Sunday, October 21, 2012

Fried Green Tomatoes or: Hey winter, you're coming already?

This summer Matt (my partner) and I endeavored to claim our very own bit of the world in the form of four modest containers full of plants. 

The tomatoes had an unfortunate start in the form of squirrels run moisture-mad by the drought.  Eventually we got a small number, but by the time the weather turned nippy there were an number that were not going to make it to ripe before this state got way too cold to even think about going outside to look at plants.

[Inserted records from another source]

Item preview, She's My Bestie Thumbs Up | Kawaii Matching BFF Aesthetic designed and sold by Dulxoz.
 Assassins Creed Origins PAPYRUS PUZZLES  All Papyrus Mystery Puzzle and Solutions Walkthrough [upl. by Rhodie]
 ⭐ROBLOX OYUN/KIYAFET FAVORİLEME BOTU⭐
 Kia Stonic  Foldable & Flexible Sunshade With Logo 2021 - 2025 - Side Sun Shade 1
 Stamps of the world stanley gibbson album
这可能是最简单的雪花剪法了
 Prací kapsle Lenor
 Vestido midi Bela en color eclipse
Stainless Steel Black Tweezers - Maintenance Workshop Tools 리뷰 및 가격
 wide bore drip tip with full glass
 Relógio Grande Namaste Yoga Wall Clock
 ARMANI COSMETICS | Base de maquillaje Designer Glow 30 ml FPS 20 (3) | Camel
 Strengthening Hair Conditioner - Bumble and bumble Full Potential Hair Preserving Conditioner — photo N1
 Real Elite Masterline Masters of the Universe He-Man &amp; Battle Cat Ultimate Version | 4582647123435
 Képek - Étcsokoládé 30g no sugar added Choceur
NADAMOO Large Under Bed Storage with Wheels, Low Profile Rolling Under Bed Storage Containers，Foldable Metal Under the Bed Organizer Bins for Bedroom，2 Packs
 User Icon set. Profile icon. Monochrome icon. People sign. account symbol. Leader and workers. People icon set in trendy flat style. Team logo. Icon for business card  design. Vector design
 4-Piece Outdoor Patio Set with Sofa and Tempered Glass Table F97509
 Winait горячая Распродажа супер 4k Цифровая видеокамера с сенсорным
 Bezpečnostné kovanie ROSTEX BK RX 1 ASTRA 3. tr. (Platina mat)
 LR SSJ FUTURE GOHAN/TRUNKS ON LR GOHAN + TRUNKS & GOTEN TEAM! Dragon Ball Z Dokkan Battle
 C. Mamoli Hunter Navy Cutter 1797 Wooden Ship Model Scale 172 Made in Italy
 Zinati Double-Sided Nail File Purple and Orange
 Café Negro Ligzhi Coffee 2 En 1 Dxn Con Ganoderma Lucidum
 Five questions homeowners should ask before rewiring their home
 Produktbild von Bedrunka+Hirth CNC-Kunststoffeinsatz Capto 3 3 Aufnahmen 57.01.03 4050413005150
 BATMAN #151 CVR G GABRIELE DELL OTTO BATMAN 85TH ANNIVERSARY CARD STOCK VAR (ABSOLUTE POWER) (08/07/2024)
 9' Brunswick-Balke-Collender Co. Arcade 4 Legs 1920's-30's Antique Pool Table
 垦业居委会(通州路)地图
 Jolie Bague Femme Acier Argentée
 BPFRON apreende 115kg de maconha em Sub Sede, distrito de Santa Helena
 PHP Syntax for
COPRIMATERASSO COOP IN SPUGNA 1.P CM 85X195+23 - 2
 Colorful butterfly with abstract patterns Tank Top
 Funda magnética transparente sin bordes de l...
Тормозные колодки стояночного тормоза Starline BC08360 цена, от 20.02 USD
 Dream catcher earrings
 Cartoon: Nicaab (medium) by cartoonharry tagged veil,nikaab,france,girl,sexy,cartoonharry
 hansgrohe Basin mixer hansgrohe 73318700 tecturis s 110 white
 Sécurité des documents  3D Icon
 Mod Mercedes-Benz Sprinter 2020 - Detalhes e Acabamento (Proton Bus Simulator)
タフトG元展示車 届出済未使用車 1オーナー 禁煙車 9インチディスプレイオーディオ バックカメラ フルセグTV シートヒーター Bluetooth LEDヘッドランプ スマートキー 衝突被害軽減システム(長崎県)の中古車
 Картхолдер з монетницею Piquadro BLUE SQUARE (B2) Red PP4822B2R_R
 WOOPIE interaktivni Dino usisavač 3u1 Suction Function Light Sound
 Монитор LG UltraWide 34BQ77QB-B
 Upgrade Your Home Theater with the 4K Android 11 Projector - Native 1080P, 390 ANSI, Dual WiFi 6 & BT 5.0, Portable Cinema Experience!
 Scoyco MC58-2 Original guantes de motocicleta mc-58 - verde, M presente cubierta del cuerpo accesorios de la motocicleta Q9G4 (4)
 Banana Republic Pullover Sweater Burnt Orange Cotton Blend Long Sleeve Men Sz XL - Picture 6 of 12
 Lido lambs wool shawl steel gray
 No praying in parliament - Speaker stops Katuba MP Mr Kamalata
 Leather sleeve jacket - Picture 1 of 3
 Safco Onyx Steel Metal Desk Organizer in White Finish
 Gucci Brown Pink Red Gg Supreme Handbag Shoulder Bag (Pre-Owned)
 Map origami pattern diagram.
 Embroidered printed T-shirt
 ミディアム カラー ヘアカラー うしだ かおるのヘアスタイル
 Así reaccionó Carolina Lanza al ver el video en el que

We had friends and their adorable baby stay with us this week and decided that it was the perfect time to gorge ourselves on delicious under-ripe fried fruit.

Fried Green Tomatoes 

What you need: 
8 green tomatoes
3 eggs
3/4 cup of milk
1 1/2 cups of flour
1 cup cornmeal
1 cup Italian bread crumbs
4 teaspoons kosher (or sea) salt
1/2 teaspoon ground black pepper
vegetable oil

What you do:
  1. Slice tomatoes approximately 1/4 inch thick
  2. Mix eggs and milk together in a bowl, put flour onto a plate and a mixture of bread crumbs, cornmeal and salt on another plate.
  3. In a large skillet warm a 1/2 inch of vegetable oil over a medium heat. You can test to make sure the oil is hot enough when some of the batter that gunks all up on your fingers while you're working on battering the tomatoes is all bubbly when you drop it in the oil.
  4.  Coat tomato slices in flour, then the egg mixture and bread crumbs.
  5. Place battered tomato slices in oil (don't crowd the tomatoes! they shouldn't touch in the pan or they'll stick all up together)
  6. Turn when they're brown on the down side and allow to get brown on the other side. 
  7. Place on a plate with a paper towel, or a cooling rack so they don't pool in the oil.
  8. Eat them all up, they're delicious.

We ate ours with Cheesy Polenta, here's how I made it:

Cheesy Polenta

What you need: 
2 cups milk
2 cups water
1 cup polenta (dry, not the sausage roll stuff made for slicing)
3/4 cups of your favorite cheddar
1 1/2 teaspoons of kosher (or sea) salt
1/2 teaspoon fresh ground black pepper
4 tablespoon of butter

What you do:
  1. Bring milk and water to a boil in a medium sauce pan.
  2. Stir in polenta and turn down to a simmer
  3. Once mixture is just about as thick as you would like it add the 1/2 cup cheese, salt and pepper. 
  4. Spoon out, garnish with a pinch of the remainder of the cheese.